I've read about Mr. Money Mustache; he's part of the F.I.R.E. movement.  I hope people who retire that young have something engaging that they love to do otherwise they'll be bored silly. More than likely they've saved more than a million and/or live off of investment returns, not interest which has been a pittance over the past several years. Mr. Money Mustache invested in a couple of rental properties as well.


----------



## leastlongprime (Oct 31, 2022)

Some people believe in the Bogle philosophy. 
I don't and have diversified our retirement assets into longevity (GLWB) annuities, rental, pension, SS.
I don't count the discretionary as part of our retirement Income because it is not Income but highly speculative stocks. 
YMMV


----------



## Teacher Terry (Oct 31, 2022)

OneEyedDiva said:


> I've read about Mr. Money Mustache; he's part of the F.I.R.E. movement.  I hope people who retire that young have something engaging that they love to do otherwise they'll be bored silly. More than likely they've saved more than a million and/or live off of investment returns, not interest which has been a pittance over the past several years. Mr. Money Mustache invested in a couple of rental properties as well.


Yes they invest in the stock market usually mutual funds and live off of returns. Sorry I misspoke. Mr MM actually retired on 650k but he has been retired a long time so I imagine his money has increased a lot.
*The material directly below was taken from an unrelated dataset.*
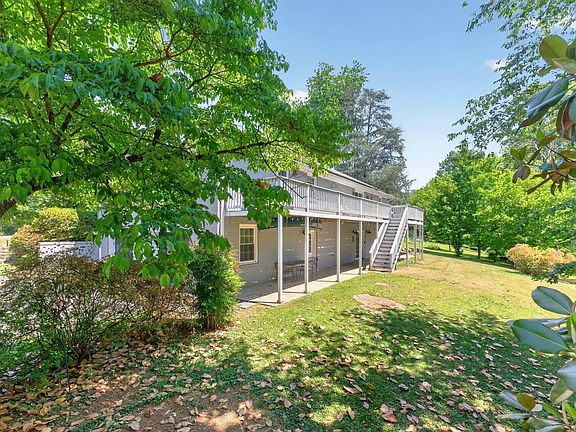 3rd image of 102 Bollingbrook Dr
Pete also has a office building but I can’t remember if he rents out some of the space or if it’s for the community. His blog has made a lot of money but due to his divorce a few years ago they had to split assets. I wondered if his frugal ways contributed to it.


----------



## leastlongprime (Oct 31, 2022)

leastlongprime said:


> Some people believe in the Bogle philosophy.
> I don't and have diversified our retirement assets into longevity (GLWB) annuities, rental, pension, SS.
> I don't count the discretionary as part of our retirement Income because it is not Income but highly speculative stocks.
> YMMV


Actually I don't fully subscribe to either Bogle's philosophy or the balanced portfolio theory. Money and Life is just too variable.


----------



## leastlongprime (Thursday at 12:56 PM)

Bump


----------